## 13.12 group_by(): Applying functions across groups

• We can apply above functions to subgroups within the dataset # Observations that have certain values on a variable # Individuals with different levels of education # Individuals belonging to countries
• dplyr lets you use the group_by() function to describe how to break a dataset down into groups of rows
• dplyr functions recognize when data frame is grouped by using group_by()
• Can be used for aggregating data

### 13.12.1 Example: Applying dplyr functions across groups (aggregation)

# See http://cran.rstudio.com/web/packages/dplyr/vignettes/introduction.html for this example

View(essdata)
nrow(essdata) # Check number of rows
names(essdata)

# edulvl measures education levels
by_edulvl <- group_by(essdata, edulvl_str) # convert the data frame into a
# grouped data frame and save in object
# Character variable to aggregate
by_edulvl # we can see the group variable and the dimensions
class(by_edulvl) # we can see the new class,
essdata.agg <- summarise(by_edulvl, # summarise collapses data frame
n = n(), # Add variable with the number of observations in group
age.m = mean(age, na.rm = TRUE), # Variable containing mean
hheinkommen.m = mean(hheinkommen, na.rm = TRUE)) # Variable containing mean
View(essdata.agg)

old.way <- aggregate(essdata, by = list(essdata\$edulvl), mean, na.rm=TRUE)
View(old.way)

### 13.12.2 Exercise: Applying dplyr functions across groups (aggregation)

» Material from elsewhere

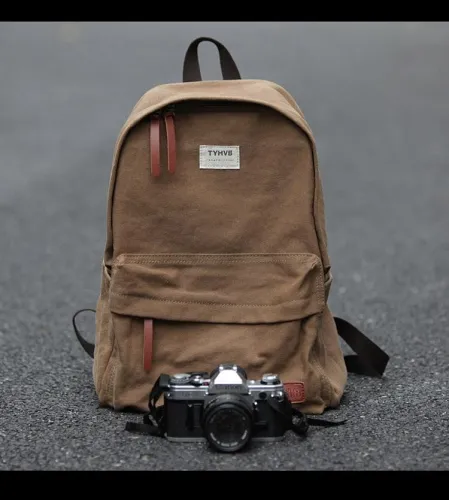 Cool Canvas Mens 15'' Green Computer Backpack Khaki Travel Backpack School Backpack for Men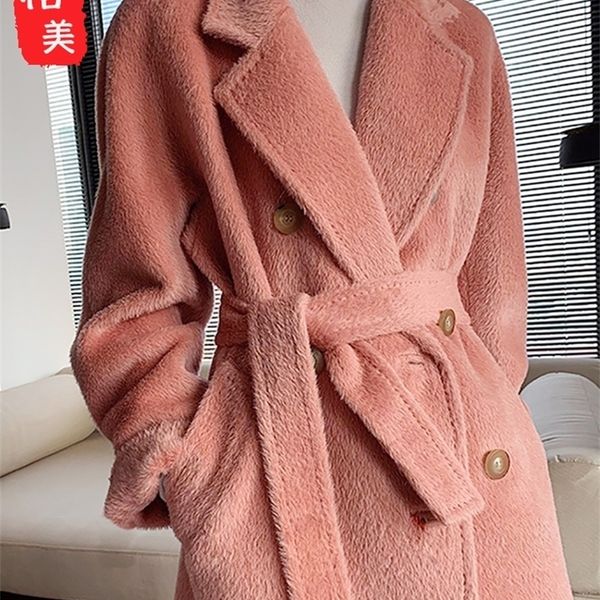 

womens fur faux highend cashmere overcoat midlength winter thickened su li alpaca fleecefiber coat 220927, Black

1. Execute the following code: library(foreign) and essdata <- read.dta("./Material/ESS4e04_de.dta", convert.factors=F). Adapt your file path!
2. The variable religion_str contains the religious affiliation of respondents. Aggregate the data set - using functions from dplyr package - so that you obtain averages for subgroups of religious affiliations for the variables polinteresse and trustparties - as well as a variable with the number of observations across the groups.